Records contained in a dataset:
* * * * *

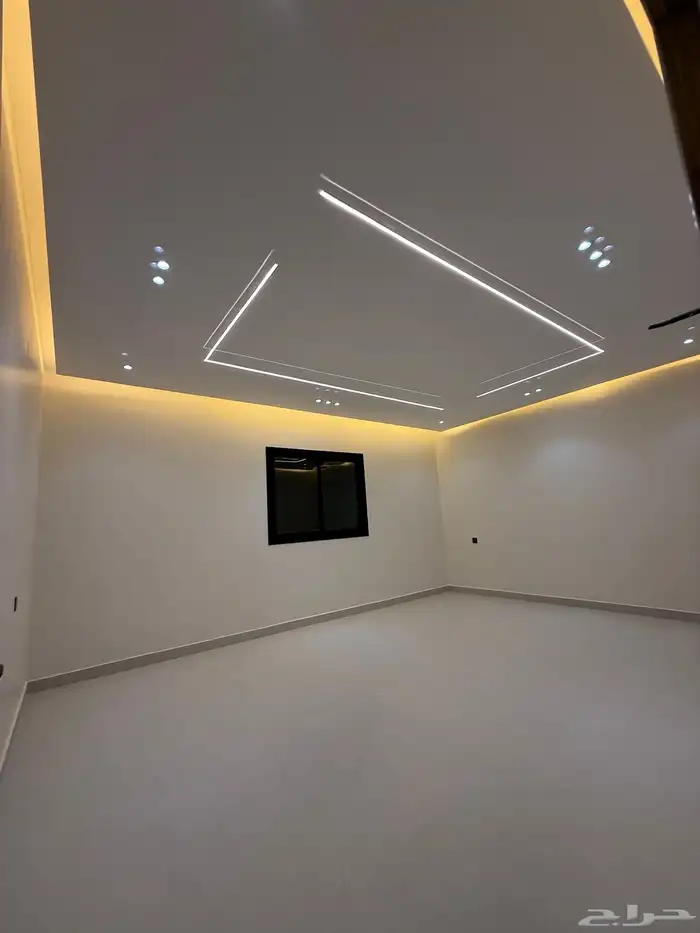 دور للبيع حي الشروق على اليمين 5 غرف فاخر شغل شخصي 30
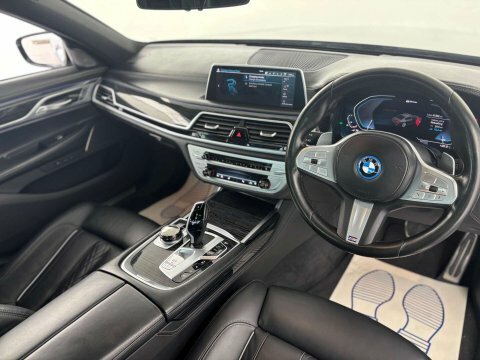 BMW 7 Series 730Ld Black #9
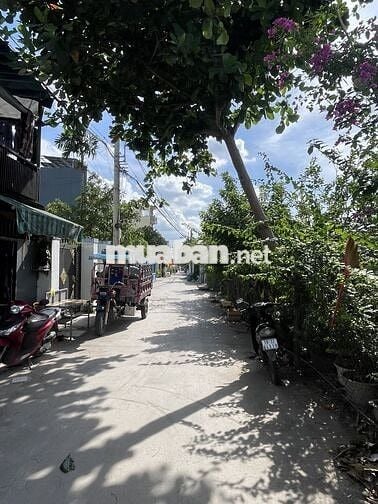 Cho thuê nhà trọ 30m2, lối đi riêng. Đường TX39, Thạnh Xuân, Q12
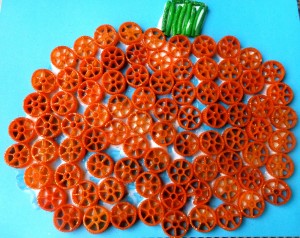 Source : http://www.momto2poshlildivas.com/2011/10/colored-glittered-pasta-pumpkins-for.html
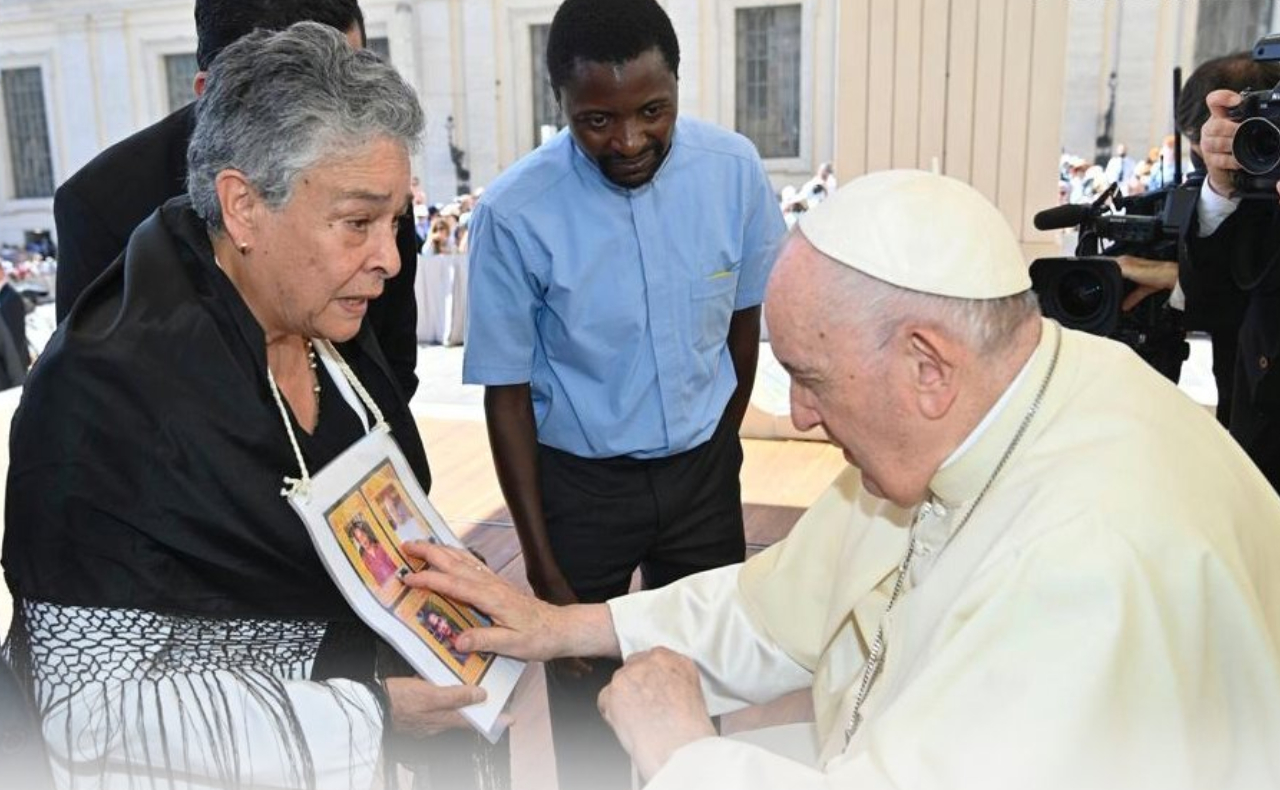 Papa Francisco recibe a madre mexicana con 4 hijos desaparecidos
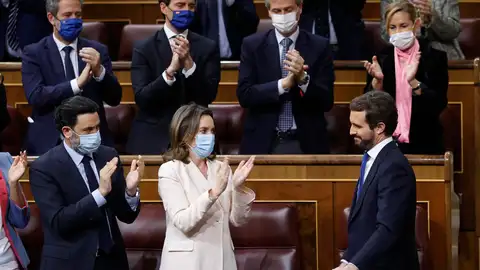 Casado, aplaudido en el Congreso por la bancada del PP. Casado, aplaudido en el Congreso por la bancada del PP.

* * * * *

Required action:
Produce a verbatim copy of all records, minus pictures.

Solution to this problem:
 دور للبيع حي الشروق على اليمين 5 غرف فاخر شغل شخصي 30
 BMW 7 Series 730Ld Black #9
 Cho thuê nhà trọ 30m2, lối đi riêng. Đường TX39, Thạnh Xuân, Q12
 Source : http://www.momto2poshlildivas.com/2011/10/colored-glittered-pasta-pumpkins-for.html
 Papa Francisco recibe a madre mexicana con 4 hijos desaparecidos
 Casado, aplaudido en el Congreso por la bancada del PP. Casado, aplaudido en el Congreso por la bancada del PP.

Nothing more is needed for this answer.